You've got it in one, experiment until you find wfat works for you and your setup. That is the beauty of digital. Imagine having to get them devoloped first and then recycle them!


----------



## DavidH (Feb 24, 2003)

JoT said:


> I think you can get "daylight" lamps/bulbs for indoor photography Jason.
> 
> 
> 
> ...


Anyone used them?

Do they fit ordinary the bulbholders that are in the house or do you have to buy a lamp?


----------



## Stan (Aug 7, 2003)

Much of the problem is to do with how well a camera can adjust its white balance. Many do quite well in automatic mode but the best resulting actinic balance will only be achieved with full manual control.

Colour temperature is only one hurdle, the other one being diffusion.

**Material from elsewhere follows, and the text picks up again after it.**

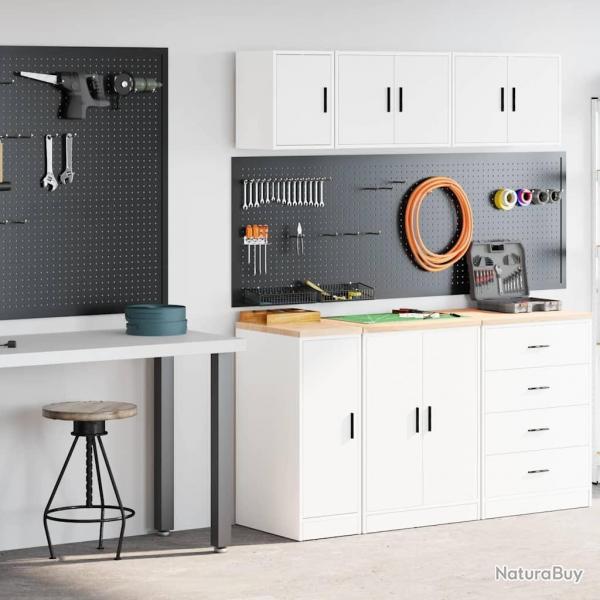 Armoires de garage 2 pcs blanc bois d'ingnierie alsavelo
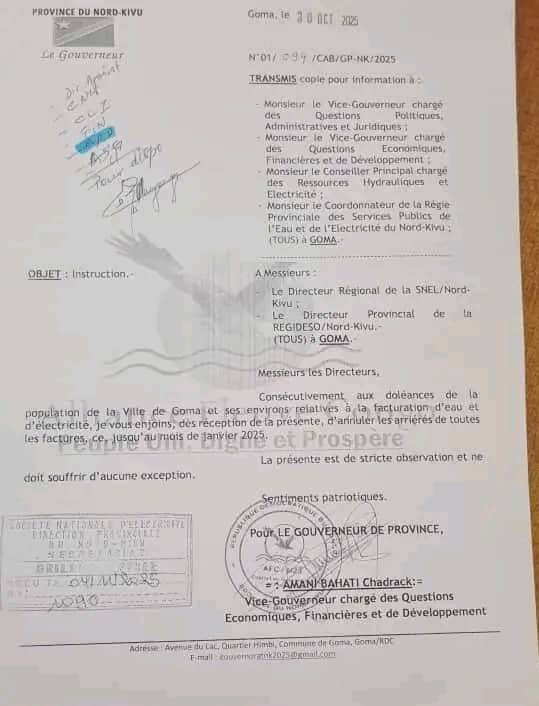 #RDC: Toutes les dettes d’eau et d’électricité [ Regideso -SNEL] des populations du Nord-Kivu/AFC-M23 d’avant février 2025 sont annulées afin de soulager la population qui souffrait! Instructions des autorités provinciales AFC/M23 du Nord-Kivu .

Too little and there will be a lot of reflection, too much and the pictures will lack modelling and contrast.

Experimentation is the only answer and when you've found the optimum placement for the Light(s) and position of the subject then stick to that formula.

Portrait studios work to a formula to save time and to ensure consistent results.

I might try following my own advice one day.


----------



## JoT (Aug 12, 2003)

DavidH said:


> JoT said:
> 
> 
> > I think you can get "daylight" lamps/bulbs for indoor photography Jason.
> ...


Yes, many moons ago, they get hotter than normal bulbs so you have to get a lamp holder that can take the heat.


----------



## Silver Hawk (Dec 2, 2003)

Stan said:


> Much of the problem is to do with how well a camera can adjust its white balance.
> 
> 
> 
> ...


I think this is the key --- get this right and it doesn't really matter what lighting you use.

The problem is that many of the cheaper digitals only have presets for each type of lighting: one for fluorescent, one for tungsten, one for daylight etc.

Some, like my Canon G6, allow you to set the white balance by calibrating the camera against a sheet on A4 white paper. I now do this routinely for all my indoor photography and do not rely on the preset values. I'm happy with the reults... the picture below was taken with a 40cm light cube, one of those Â£5 desktop halogen lamps and strong ceiling halogen lights.

Cheers

Paul


----------



## pauluspaolo (Feb 24, 2003)

Hells teeth this is complicated - halogen this, white balance that







I just use daylight (or sometimes the flourescent lights in my kitchen - depends if it's daylight outside & how desperately I want to take a photo) and the camera in macro mode but on the automatic setting. I'm happy enough with the results I get


----------